Name	Name	Last commit message	Last commit date
parent directory ..
schema	schema
README.md	README.md
UUID.md	UUID.md

IEP04 - Internal Data Format: Meta Information and Data Exchange

Status

Decided and formalized via JSON Schema

Authors: Pavel Kacha (CESNET.cz), Sebastian Wagner (CERT.at), Sebastian Waldbauer (CERT.at), Aaron Kaplan (CERT.at)

To ease data exchange between two or more IntelMQ instances, adding some meta-information to the messages can make this sharing easier in certain regards. For describing relations between messages ("links"), messages always have one UUID identifying themself and an arbitrary number of related UUIDs together with the link type.

The primary goal of this is to facilitate date-exchange between IntelMQ instance in different organisations, to prevent message loops. The secondary goal is to express relations between messages.

Possible Use-Cases for unique identifiers and message-to-message relations

The possible use-cases which can be solved by UUIDs per message:

Events with multiple target IPs/hostnames/ports

Horizontal portscan (multiple machines, one port)
SSH bruteforce (multiple machines, one port/service)
Vertical portscan (one machine, multiple ports)

Events with multiple source IPs/hostames/ports

Targeted DDoS (mutiple machines/reflectors shoot at one target)

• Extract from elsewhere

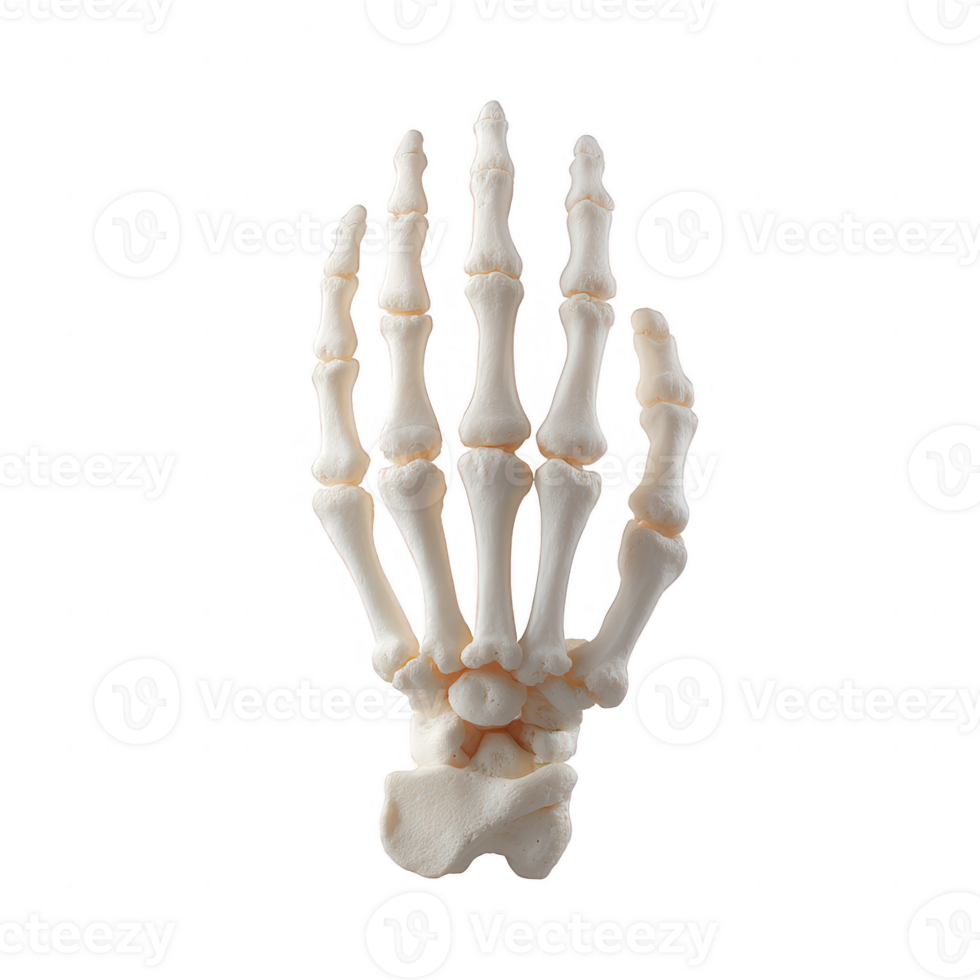 A detailed anatomical model of a human hand skeleton showcasing the intricate structure of bones and joints against a white isolated background. png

Events with both multiple sources and targets

Wider DDoS (multiple machines/reflectors shoot at multiple machines, whole subnet, etc.)

Events with one or more both sources and targets, where exact pattern is not known

Aka one of [1, 2, 3], but we do not have complete information about specific connections made, possibly because the event/detection came from the statistical detector or from some form of aggregation (where original full information from for example netflow is already lost).

(1-4) initiated creation of IEP03 and IEP04 and are the ones considered. Taking into account the possibility of linking of events, there might be other orthogonal use-cases:

Identification of identical events from possibly the same source to avoid duplication/circles

aka some form of stable identifier

When target organisation contacts source organisation for more info, identification of where event came from internally

aka possibility to put there the internal (opaque) identifier, like CESNET-RT#2235 (Request tracker), or Idea:UUID (what Idea event was converted into this IntelMQ event)

Meta-events

event, linking together multiple completely different events as one incident (email address of spammer from spam email, IPs of spamming mailservers, phishing URL from spam email)

Correlated events

aka different events, but identified as related/part of other events (like ongoing attack)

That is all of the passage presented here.